I just finished reading Bittersweet for the second time. I didn't really intend to read it a second time, but I was at the gym and it was on my kindle so I just re-started it. If you read this book once and loved it, read it again, you will find so many more nuggets of wisdom that you overlooked.
Some people may not believe that Shauna's writing is incredibly deep or in-depth, but I don' know that her target is to write to provoke deep theological discussion. I believe she is writing for all the women out there who might be able to connect, and if you've ever gone through some tough seasons, you should be able to connect to many of these essays.
If you are looking for an incredible light read, this is a great one. I'm anxiously awaiting her next book "Bread & Wine".

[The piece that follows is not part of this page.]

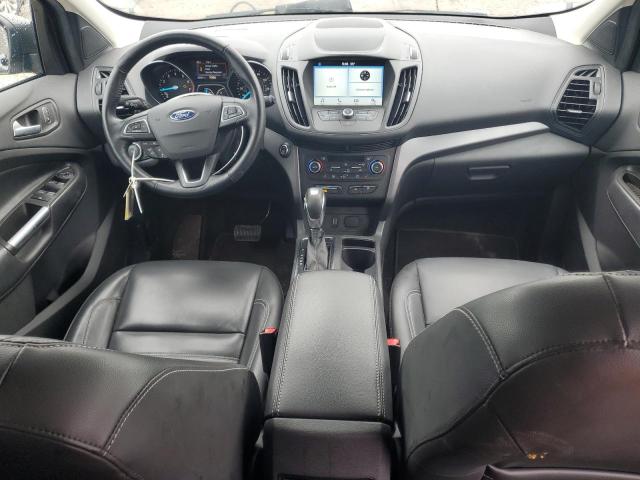 Photo 8 from auction – 2019 FORD ESCAPE SEL with VIN 1FMCU0HD9KUB95001
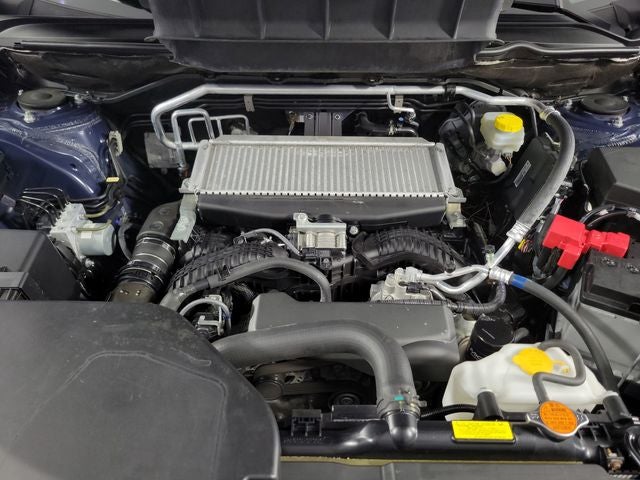 2023 Subaru Ascent Limited 4D Sport Utility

Writing about a personal season of heartache, change, and struggle, Shauna lets the reader into very raw and honest places in her life. She shares the pain and feelings of isolation following a miscarriage, the struggles that arise in marriage when listening stops, and the challenge of accepting and moving with change. It is all at once a beautiful tapestry of wisdom and a felt pain shared between reader and author in the communicating of these experiences.
Through it all, Shauna constantly points back to her faith in Christ as being the stronghold that carried her through the season of deep difficulty she experienced. Interweaving Biblical truths in her own refreshing language and style, Shauna provides insight and wisdom that does not terminate on herself but rather points the reader to a greater Answer.
In blessing or mourning, this work is one that is essential. The combination of its honesty and hope in the presence of hard circumstances is something that will provide encouragement to the reader, regardless of the season they find themselves in.